EXTRACTED DATA Start Marker
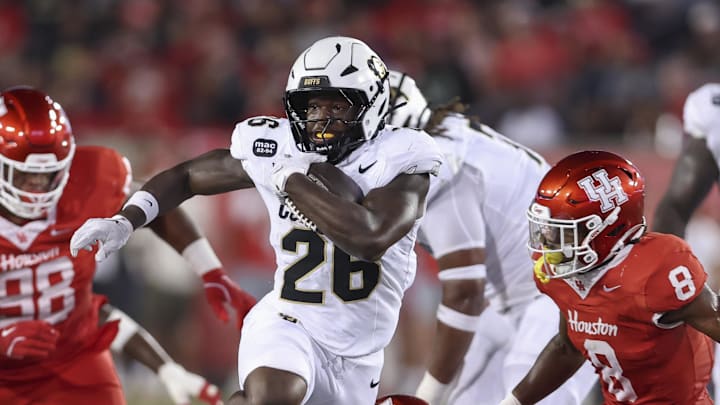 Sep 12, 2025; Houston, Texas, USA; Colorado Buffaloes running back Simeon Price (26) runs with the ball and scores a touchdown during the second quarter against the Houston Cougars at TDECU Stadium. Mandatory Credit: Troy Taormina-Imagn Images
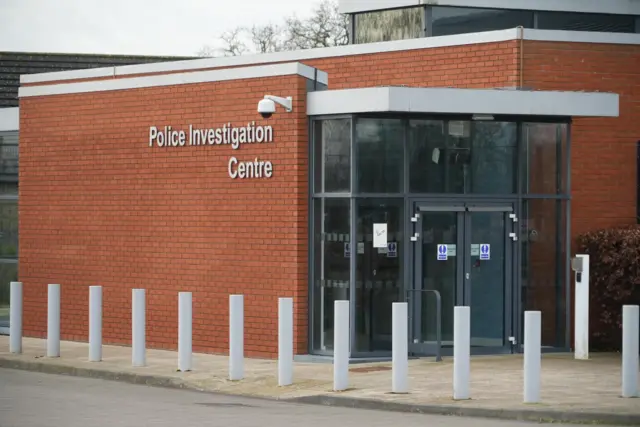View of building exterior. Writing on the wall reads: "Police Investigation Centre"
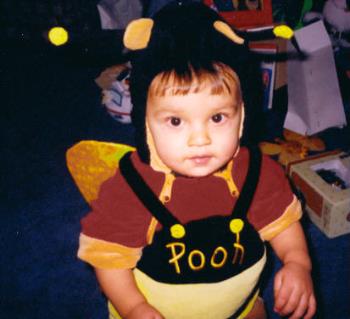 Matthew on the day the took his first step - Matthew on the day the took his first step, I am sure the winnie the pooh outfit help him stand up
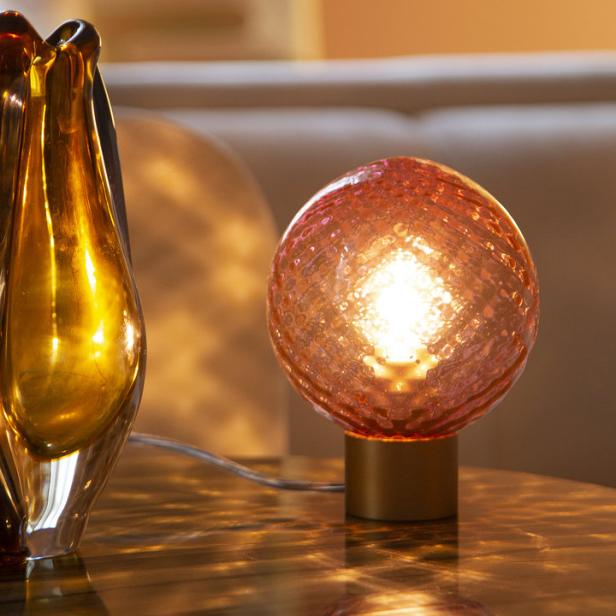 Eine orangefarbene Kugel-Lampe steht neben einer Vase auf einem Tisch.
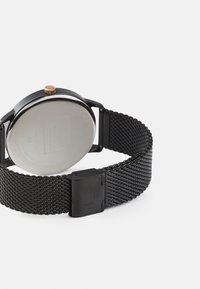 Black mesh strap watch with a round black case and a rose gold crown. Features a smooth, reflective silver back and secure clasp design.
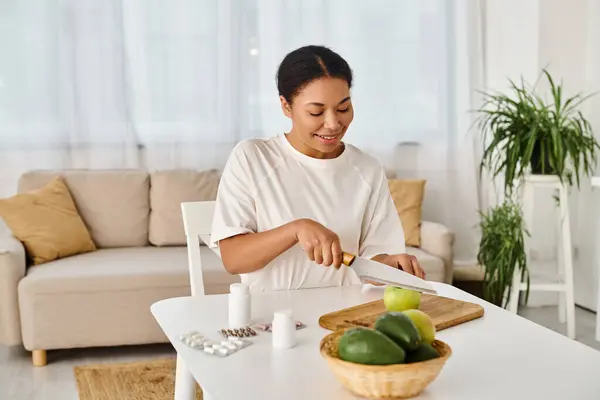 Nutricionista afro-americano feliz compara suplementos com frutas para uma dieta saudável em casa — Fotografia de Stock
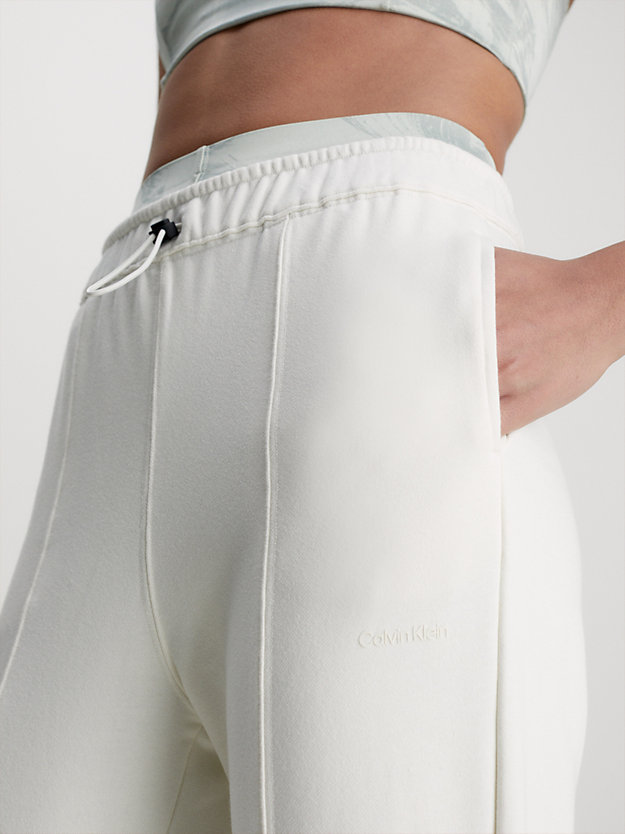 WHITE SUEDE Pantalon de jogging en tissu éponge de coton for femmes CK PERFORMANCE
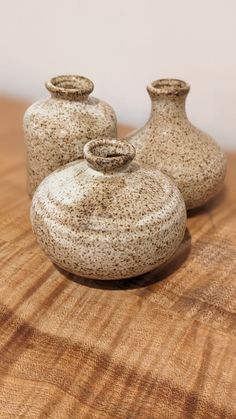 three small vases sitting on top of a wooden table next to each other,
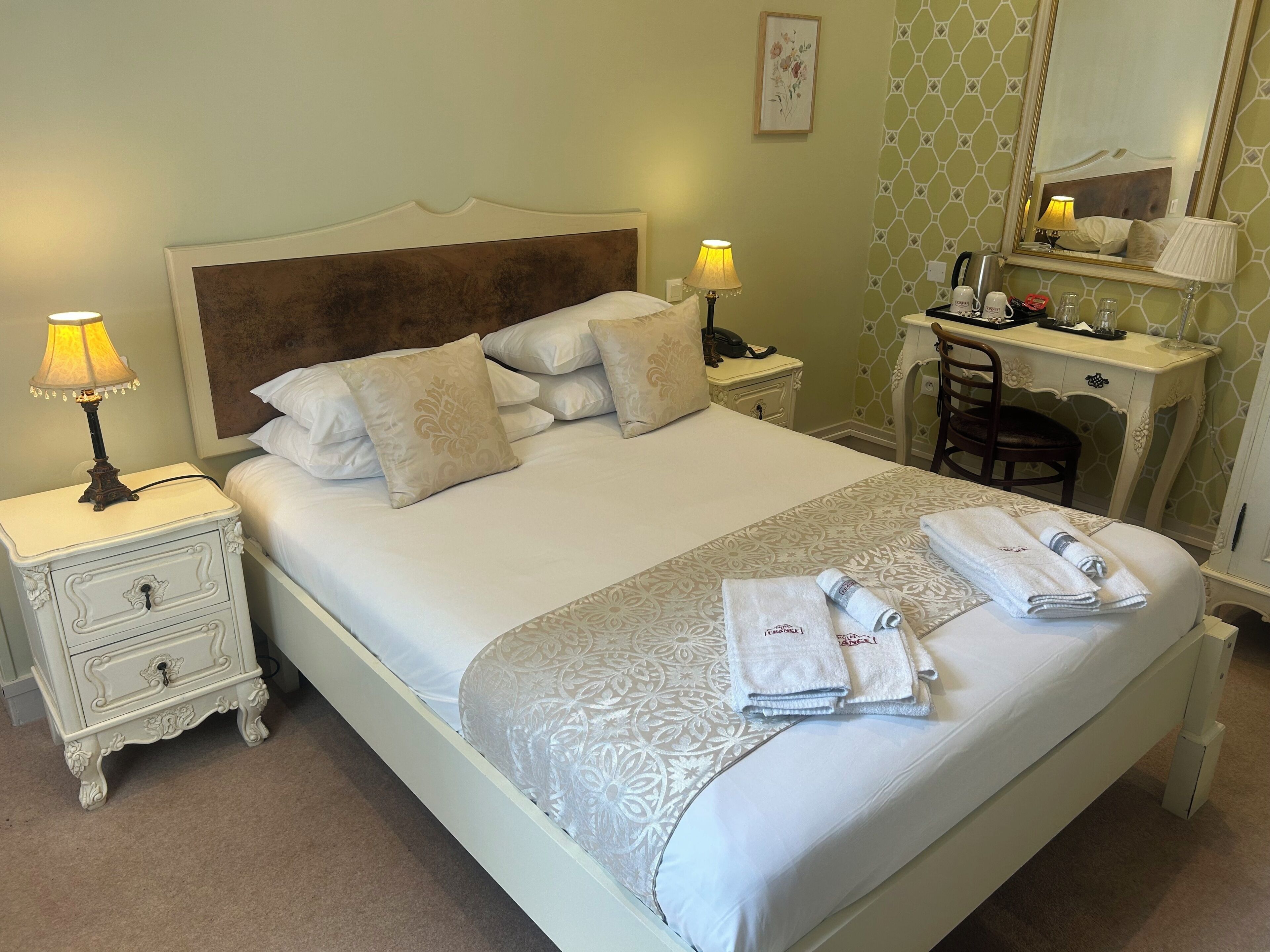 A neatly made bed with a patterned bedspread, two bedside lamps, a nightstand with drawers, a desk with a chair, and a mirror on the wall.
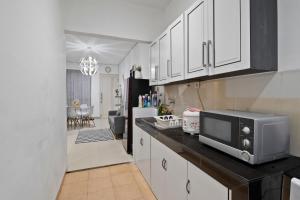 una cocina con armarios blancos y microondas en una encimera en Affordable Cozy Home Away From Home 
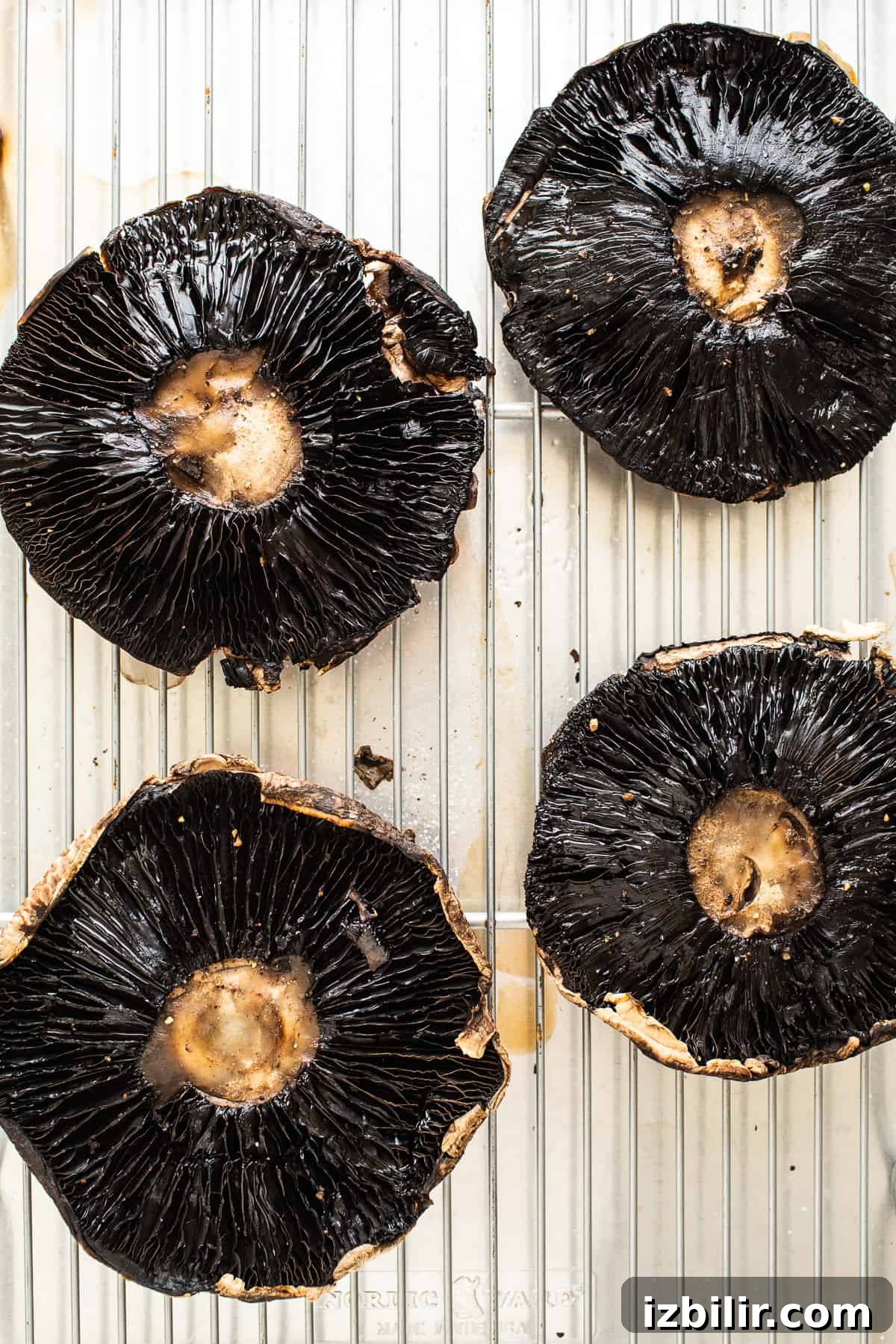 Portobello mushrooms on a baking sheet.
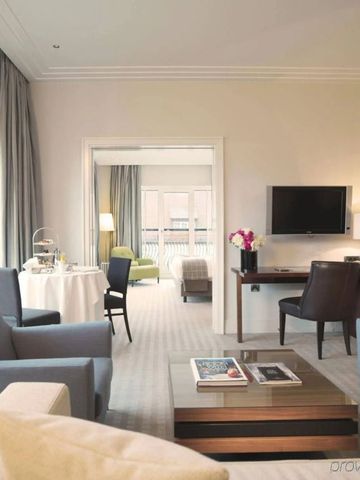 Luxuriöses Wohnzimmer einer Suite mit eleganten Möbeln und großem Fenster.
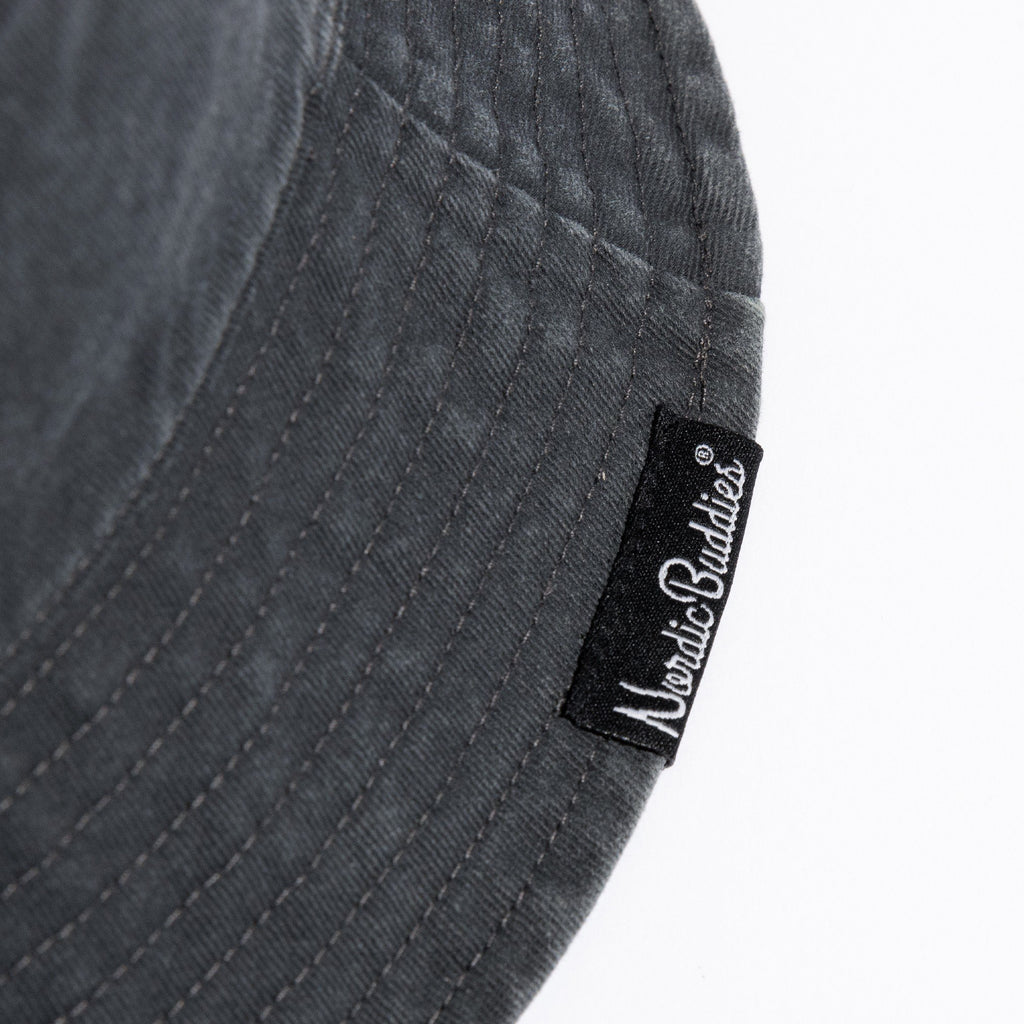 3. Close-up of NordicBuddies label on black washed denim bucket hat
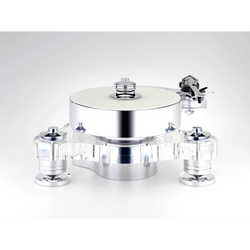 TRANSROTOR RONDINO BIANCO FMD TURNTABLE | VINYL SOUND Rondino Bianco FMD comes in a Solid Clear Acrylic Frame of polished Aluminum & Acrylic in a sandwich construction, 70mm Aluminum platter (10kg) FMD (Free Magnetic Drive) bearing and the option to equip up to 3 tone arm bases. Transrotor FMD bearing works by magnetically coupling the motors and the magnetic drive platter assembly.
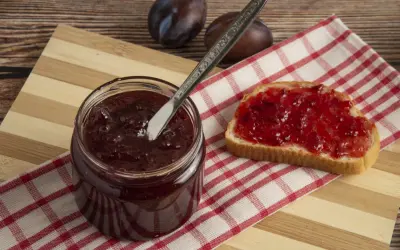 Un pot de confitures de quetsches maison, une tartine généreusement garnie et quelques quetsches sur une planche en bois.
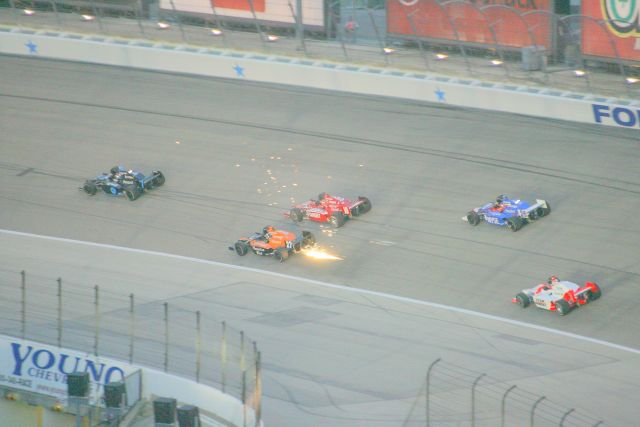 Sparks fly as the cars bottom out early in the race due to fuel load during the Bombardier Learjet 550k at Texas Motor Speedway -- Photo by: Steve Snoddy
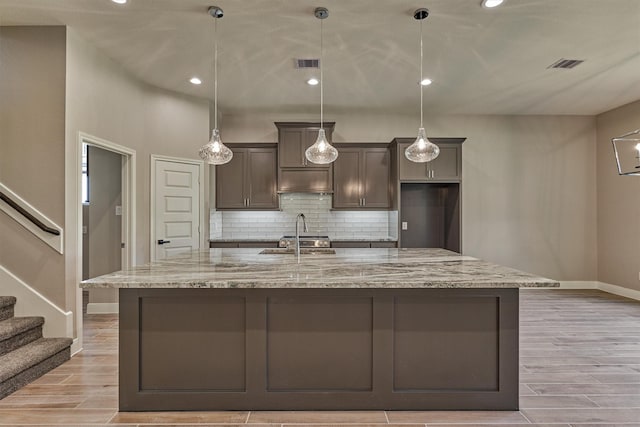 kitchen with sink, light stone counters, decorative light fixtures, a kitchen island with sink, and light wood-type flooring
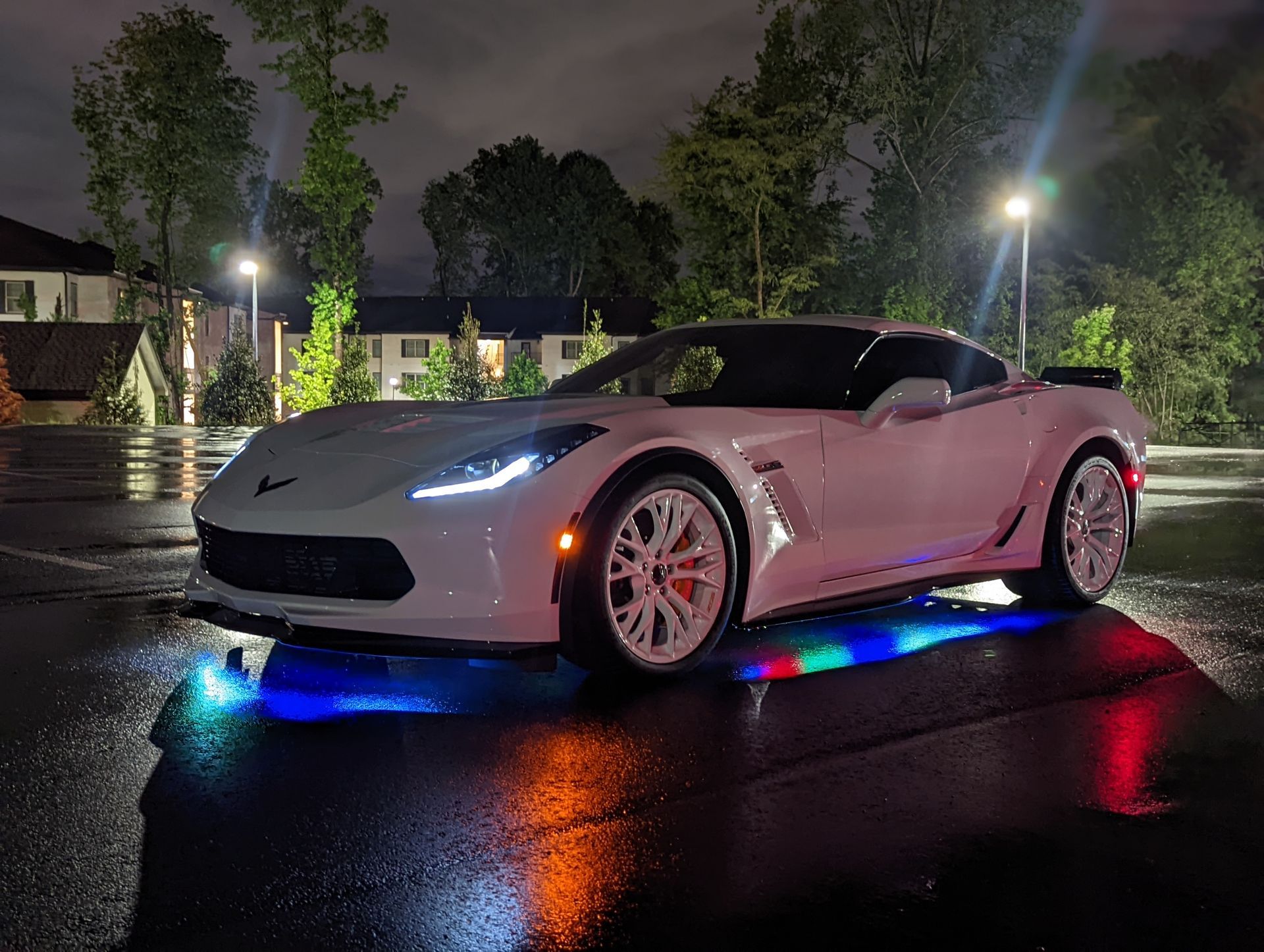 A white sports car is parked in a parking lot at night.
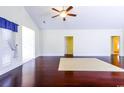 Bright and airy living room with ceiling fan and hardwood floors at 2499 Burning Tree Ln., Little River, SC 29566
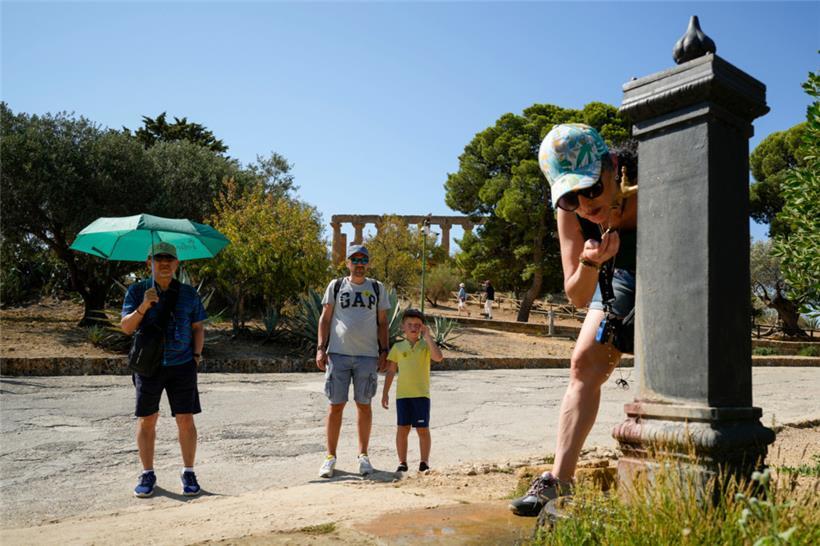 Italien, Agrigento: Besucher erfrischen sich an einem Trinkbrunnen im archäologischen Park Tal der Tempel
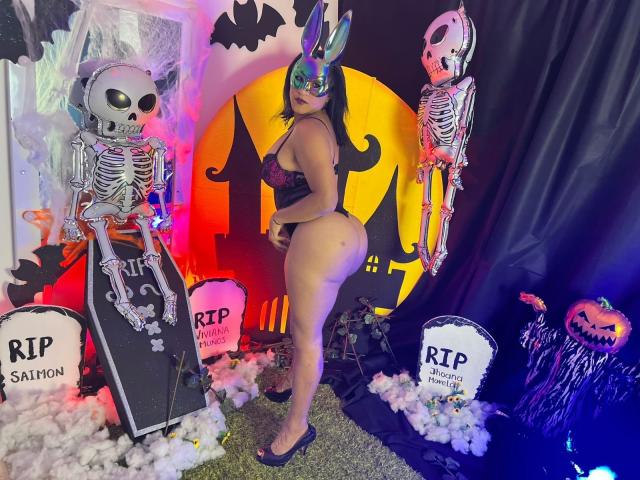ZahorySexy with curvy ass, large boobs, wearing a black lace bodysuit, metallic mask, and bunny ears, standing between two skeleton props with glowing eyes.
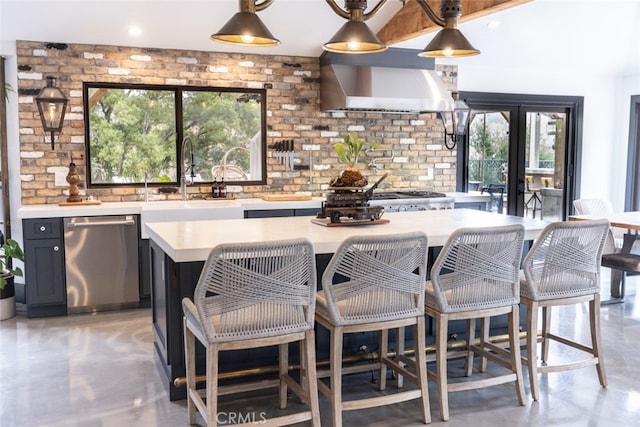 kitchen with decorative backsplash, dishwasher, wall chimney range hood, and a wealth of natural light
EXTRACTED DATA End Marker
__EXERCISE REQUIREMENTS__:
Excluding the pictures, restate the records above word for word.

__RESPONSE TO THE EXERCISE__:
 Sep 12, 2025; Houston, Texas, USA; Colorado Buffaloes running back Simeon Price (26) runs with the ball and scores a touchdown during the second quarter against the Houston Cougars at TDECU Stadium. Mandatory Credit: Troy Taormina-Imagn Images
View of building exterior. Writing on the wall reads: "Police Investigation Centre"
 Matthew on the day the took his first step - Matthew on the day the took his first step, I am sure the winnie the pooh outfit help him stand up
 Eine orangefarbene Kugel-Lampe steht neben einer Vase auf einem Tisch.
 Black mesh strap watch with a round black case and a rose gold crown. Features a smooth, reflective silver back and secure clasp design.
 Nutricionista afro-americano feliz compara suplementos com frutas para uma dieta saudável em casa — Fotografia de Stock
 WHITE SUEDE Pantalon de jogging en tissu éponge de coton for femmes CK PERFORMANCE
 three small vases sitting on top of a wooden table next to each other,
 A neatly made bed with a patterned bedspread, two bedside lamps, a nightstand with drawers, a desk with a chair, and a mirror on the wall.
 una cocina con armarios blancos y microondas en una encimera en Affordable Cozy Home Away From Home 
 Portobello mushrooms on a baking sheet.
 Luxuriöses Wohnzimmer einer Suite mit eleganten Möbeln und großem Fenster.
 3. Close-up of NordicBuddies label on black washed denim bucket hat
 TRANSROTOR RONDINO BIANCO FMD TURNTABLE | VINYL SOUND Rondino Bianco FMD comes in a Solid Clear Acrylic Frame of polished Aluminum & Acrylic in a sandwich construction, 70mm Aluminum platter (10kg) FMD (Free Magnetic Drive) bearing and the option to equip up to 3 tone arm bases. Transrotor FMD bearing works by magnetically coupling the motors and the magnetic drive platter assembly.
 Un pot de confitures de quetsches maison, une tartine généreusement garnie et quelques quetsches sur une planche en bois.
 Sparks fly as the cars bottom out early in the race due to fuel load during the Bombardier Learjet 550k at Texas Motor Speedway -- Photo by: Steve Snoddy
 kitchen with sink, light stone counters, decorative light fixtures, a kitchen island with sink, and light wood-type flooring
 A white sports car is parked in a parking lot at night.
 Bright and airy living room with ceiling fan and hardwood floors at 2499 Burning Tree Ln., Little River, SC 29566
 Italien, Agrigento: Besucher erfrischen sich an einem Trinkbrunnen im archäologischen Park Tal der Tempel
ZahorySexy with curvy ass, large boobs, wearing a black lace bodysuit, metallic mask, and bunny ears, standing between two skeleton props with glowing eyes.
 kitchen with decorative backsplash, dishwasher, wall chimney range hood, and a wealth of natural light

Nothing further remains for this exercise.